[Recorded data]
▼

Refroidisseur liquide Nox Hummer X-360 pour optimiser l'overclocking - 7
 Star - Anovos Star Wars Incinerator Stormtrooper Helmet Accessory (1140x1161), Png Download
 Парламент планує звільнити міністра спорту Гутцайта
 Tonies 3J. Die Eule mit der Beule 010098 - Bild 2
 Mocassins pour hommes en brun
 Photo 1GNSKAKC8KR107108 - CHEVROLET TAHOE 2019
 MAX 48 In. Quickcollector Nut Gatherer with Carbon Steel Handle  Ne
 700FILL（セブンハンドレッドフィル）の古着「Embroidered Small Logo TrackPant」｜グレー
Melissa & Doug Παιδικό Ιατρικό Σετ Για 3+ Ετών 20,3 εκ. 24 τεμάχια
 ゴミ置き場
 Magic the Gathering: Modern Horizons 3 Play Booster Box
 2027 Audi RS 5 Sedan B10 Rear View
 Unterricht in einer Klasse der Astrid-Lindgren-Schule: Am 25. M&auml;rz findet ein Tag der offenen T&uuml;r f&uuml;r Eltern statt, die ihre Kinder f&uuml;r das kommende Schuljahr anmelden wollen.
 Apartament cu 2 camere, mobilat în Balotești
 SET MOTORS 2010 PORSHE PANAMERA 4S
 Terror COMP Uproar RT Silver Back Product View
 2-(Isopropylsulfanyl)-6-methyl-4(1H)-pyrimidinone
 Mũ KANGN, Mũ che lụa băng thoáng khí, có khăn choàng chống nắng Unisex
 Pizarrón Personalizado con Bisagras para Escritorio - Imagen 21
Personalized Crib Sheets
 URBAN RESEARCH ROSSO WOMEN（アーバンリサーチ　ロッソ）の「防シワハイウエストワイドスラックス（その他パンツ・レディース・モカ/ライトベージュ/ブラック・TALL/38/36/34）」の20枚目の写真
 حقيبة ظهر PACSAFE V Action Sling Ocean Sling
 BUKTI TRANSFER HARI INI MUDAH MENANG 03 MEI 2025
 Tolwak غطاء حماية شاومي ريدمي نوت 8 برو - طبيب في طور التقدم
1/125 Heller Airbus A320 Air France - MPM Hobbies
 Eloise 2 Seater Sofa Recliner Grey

▲

_Problem details:_ What is needed is an exact copy of every entry above.

_Exercise solution:_
Refroidisseur liquide Nox Hummer X-360 pour optimiser l'overclocking - 7
 Star - Anovos Star Wars Incinerator Stormtrooper Helmet Accessory (1140x1161), Png Download
 Парламент планує звільнити міністра спорту Гутцайта
 Tonies 3J. Die Eule mit der Beule 010098 - Bild 2
 Mocassins pour hommes en brun
 Photo 1GNSKAKC8KR107108 - CHEVROLET TAHOE 2019
 MAX 48 In. Quickcollector Nut Gatherer with Carbon Steel Handle  Ne
 700FILL（セブンハンドレッドフィル）の古着「Embroidered Small Logo TrackPant」｜グレー
Melissa & Doug Παιδικό Ιατρικό Σετ Για 3+ Ετών 20,3 εκ. 24 τεμάχια
 ゴミ置き場
 Magic the Gathering: Modern Horizons 3 Play Booster Box
 2027 Audi RS 5 Sedan B10 Rear View
 Unterricht in einer Klasse der Astrid-Lindgren-Schule: Am 25. M&auml;rz findet ein Tag der offenen T&uuml;r f&uuml;r Eltern statt, die ihre Kinder f&uuml;r das kommende Schuljahr anmelden wollen.
 Apartament cu 2 camere, mobilat în Balotești
 SET MOTORS 2010 PORSHE PANAMERA 4S
 Terror COMP Uproar RT Silver Back Product View
 2-(Isopropylsulfanyl)-6-methyl-4(1H)-pyrimidinone
 Mũ KANGN, Mũ che lụa băng thoáng khí, có khăn choàng chống nắng Unisex
 Pizarrón Personalizado con Bisagras para Escritorio - Imagen 21
Personalized Crib Sheets
 URBAN RESEARCH ROSSO WOMEN（アーバンリサーチ　ロッソ）の「防シワハイウエストワイドスラックス（その他パンツ・レディース・モカ/ライトベージュ/ブラック・TALL/38/36/34）」の20枚目の写真
 حقيبة ظهر PACSAFE V Action Sling Ocean Sling
 BUKTI TRANSFER HARI INI MUDAH MENANG 03 MEI 2025
 Tolwak غطاء حماية شاومي ريدمي نوت 8 برو - طبيب في طور التقدم
1/125 Heller Airbus A320 Air France - MPM Hobbies
 Eloise 2 Seater Sofa Recliner Grey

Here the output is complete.